Task description -> Only lines containing the string "Pride" belong in the answer; copy all of them from the entries.

::::::::

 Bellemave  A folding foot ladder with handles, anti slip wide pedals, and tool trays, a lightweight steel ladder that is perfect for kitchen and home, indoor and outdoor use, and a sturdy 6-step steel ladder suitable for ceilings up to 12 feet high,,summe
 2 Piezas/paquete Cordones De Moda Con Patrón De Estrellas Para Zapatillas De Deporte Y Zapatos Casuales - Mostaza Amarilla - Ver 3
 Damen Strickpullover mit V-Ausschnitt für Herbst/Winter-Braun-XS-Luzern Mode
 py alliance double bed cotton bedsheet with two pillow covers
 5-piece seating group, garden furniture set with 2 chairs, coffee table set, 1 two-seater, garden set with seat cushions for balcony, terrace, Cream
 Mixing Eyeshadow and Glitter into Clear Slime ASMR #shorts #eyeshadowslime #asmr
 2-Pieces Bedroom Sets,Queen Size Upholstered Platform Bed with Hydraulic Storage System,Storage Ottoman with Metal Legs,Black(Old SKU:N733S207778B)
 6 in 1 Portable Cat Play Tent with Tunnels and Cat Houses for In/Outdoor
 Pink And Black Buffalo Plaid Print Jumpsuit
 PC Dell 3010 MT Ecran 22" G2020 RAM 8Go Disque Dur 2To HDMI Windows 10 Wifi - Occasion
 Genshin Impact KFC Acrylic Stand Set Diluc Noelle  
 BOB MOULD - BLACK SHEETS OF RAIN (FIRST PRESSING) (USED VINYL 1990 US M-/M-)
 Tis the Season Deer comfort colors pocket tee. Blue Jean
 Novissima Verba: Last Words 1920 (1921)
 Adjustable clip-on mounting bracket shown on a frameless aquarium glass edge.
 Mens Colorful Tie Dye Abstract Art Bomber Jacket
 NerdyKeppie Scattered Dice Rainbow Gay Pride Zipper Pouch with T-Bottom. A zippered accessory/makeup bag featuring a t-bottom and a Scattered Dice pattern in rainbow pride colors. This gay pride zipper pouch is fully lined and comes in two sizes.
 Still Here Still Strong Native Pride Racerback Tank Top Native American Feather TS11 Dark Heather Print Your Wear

::::::::

Output below ->
 NerdyKeppie Scattered Dice Rainbow Gay Pride Zipper Pouch with T-Bottom. A zippered accessory/makeup bag featuring a t-bottom and a Scattered Dice pattern in rainbow pride colors. This gay pride zipper pouch is fully lined and comes in two sizes.
 Still Here Still Strong Native Pride Racerback Tank Top Native American Feather TS11 Dark Heather Print Your Wear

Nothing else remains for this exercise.